_What is expected_
Could you copy the data that follows exactly as written, but drop the pictures?

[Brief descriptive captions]
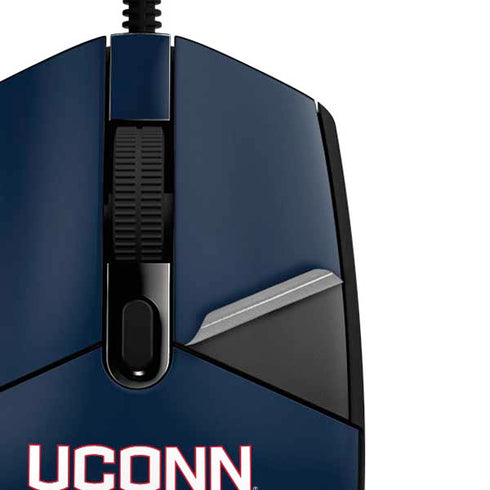 University of Connecticut Huskies UConn G203 Prodigy RGB Wired Gaming Mouse Skin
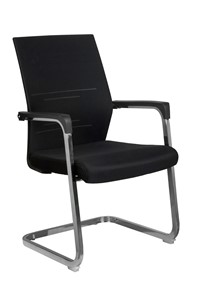 Кресло компьютерное Riva Chair D818 (Черная сетка) в Москве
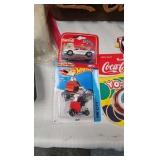 Coca Cola Napkins, tins, wood décor sign, wallets Coca Cola Napkins, tins, wood décor sign, wallets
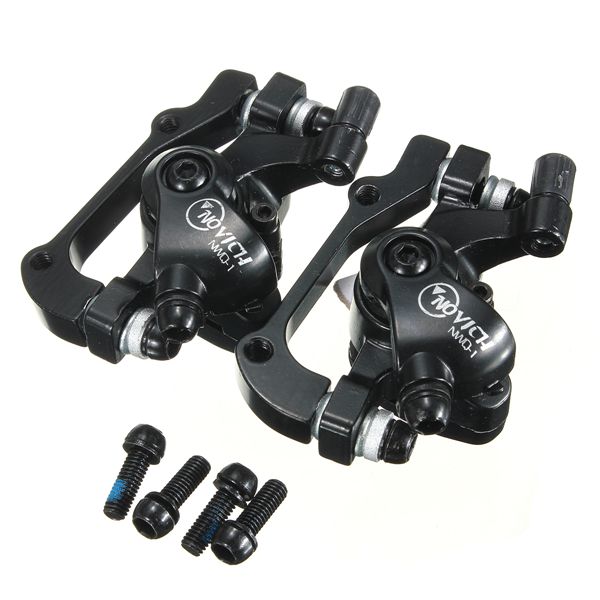 Cycling Bicycle Bike Mechanical Disc Brake Front & Rear Sintered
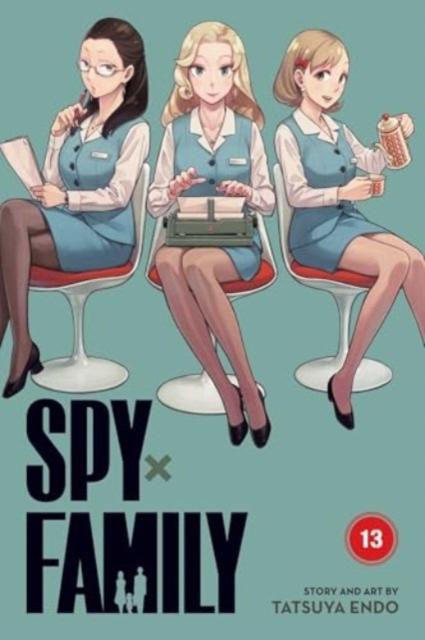SPY X FAMILY: VOL 13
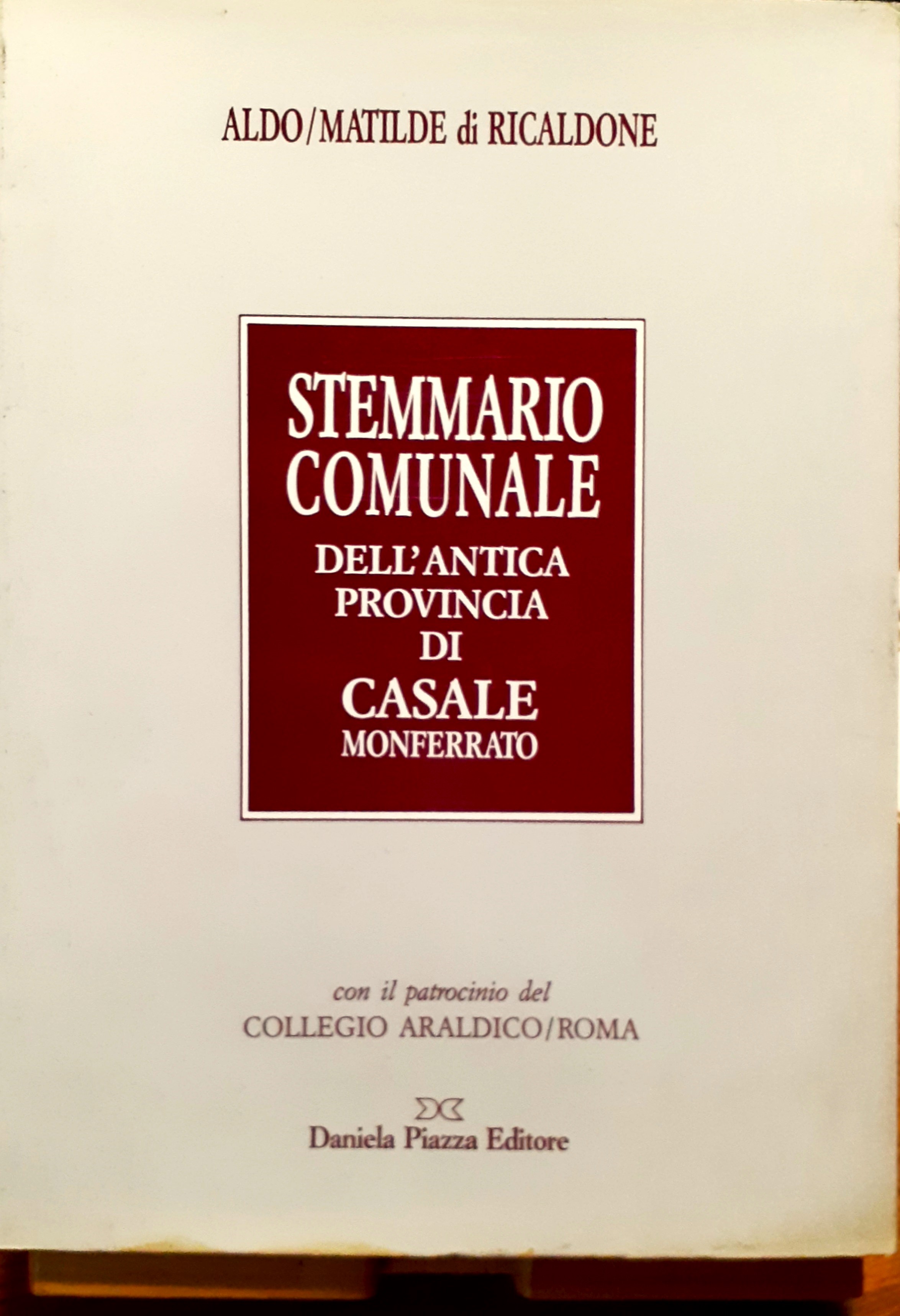 Stemmario comunale dell'antica Provincia di Casale Monferrato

_Expected answer_
 University of Connecticut Huskies UConn G203 Prodigy RGB Wired Gaming Mouse Skin
 Кресло компьютерное Riva Chair D818 (Черная сетка) в Москве
 Coca Cola Napkins, tins, wood décor sign, wallets Coca Cola Napkins, tins, wood décor sign, wallets
 Cycling Bicycle Bike Mechanical Disc Brake Front & Rear Sintered
SPY X FAMILY: VOL 13
 Stemmario comunale dell'antica Provincia di Casale Monferrato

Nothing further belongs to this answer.